Researchers at my graduate Alma Mater, Virginia Tech, have been studying head traumas in youth football. Here is a bit from the article:
BLACKSBURG, Va., Oct. 18, 2011 – Virginia Tech released today results from the first study ever to instrument child football helmets. Youth football helmets are currently designed to the same standards as adult helmets, even though little is known about how child football players impact their heads. This is the first study to investigate the head impact characteristics in youth football, and will greatly enhance the development of improved helmets specifically designed for children.
The Auburn Eagles, a local, Montgomery County, Va., youth team consisting of 6- to 8-year-old boys, has participated in the study since August. The helmets of the child football players are instrumented with custom 12 accelerometer arrays that measure how a child’s head responds to impact. Each time a player impacts his head, data is recorded and wirelessly downloaded to a computer on the sideline.
The technology is similar to what Virginia Tech has used since 2003 to instrument its collegiate football team. “The research conducted with the Virginia Tech football team has led to a better understanding of head impacts in football and how they relate to concussions,” said Stefan Duma, the Virginia Tech professor of biomedical engineering and department head of the Virginia Tech – Wake Forest University School of Biomedical Engineering and Sciences that directs this project.

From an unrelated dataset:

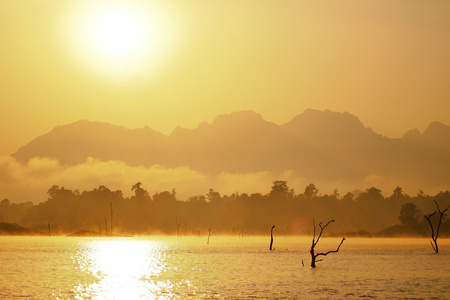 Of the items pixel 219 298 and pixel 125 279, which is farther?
pixel 125 279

Furthermore, this research has led to the development of the National Impact Database, which contains the first safety rating system ever available for adult football helmets (STAR Evaluation System). Similar developments for youth football are anticipated from the current study with the Auburn Eagles.
“Based on eight years of studying head impacts experienced by Virginia Tech football players, we were able to quantify exposure for adult football players relative to impact location, severity, and frequency,” Duma said. “Unfortunately, we cannot translate the adult exposure to the youth helmets because the impact conditions of youth football are completely unknown. To solve this problem, we are applying the same approach that we have used with the Virginia Tech football team to a youth football team,” Duma added.
You can read the rest here. I’m interested in seeing where this research leads. Concerns about unnecessary head trauma is part of our reasoning for not encouraging our kids to consider sports like football or hockey for their activities. This is definitely a study/story to watch over the next few months/years.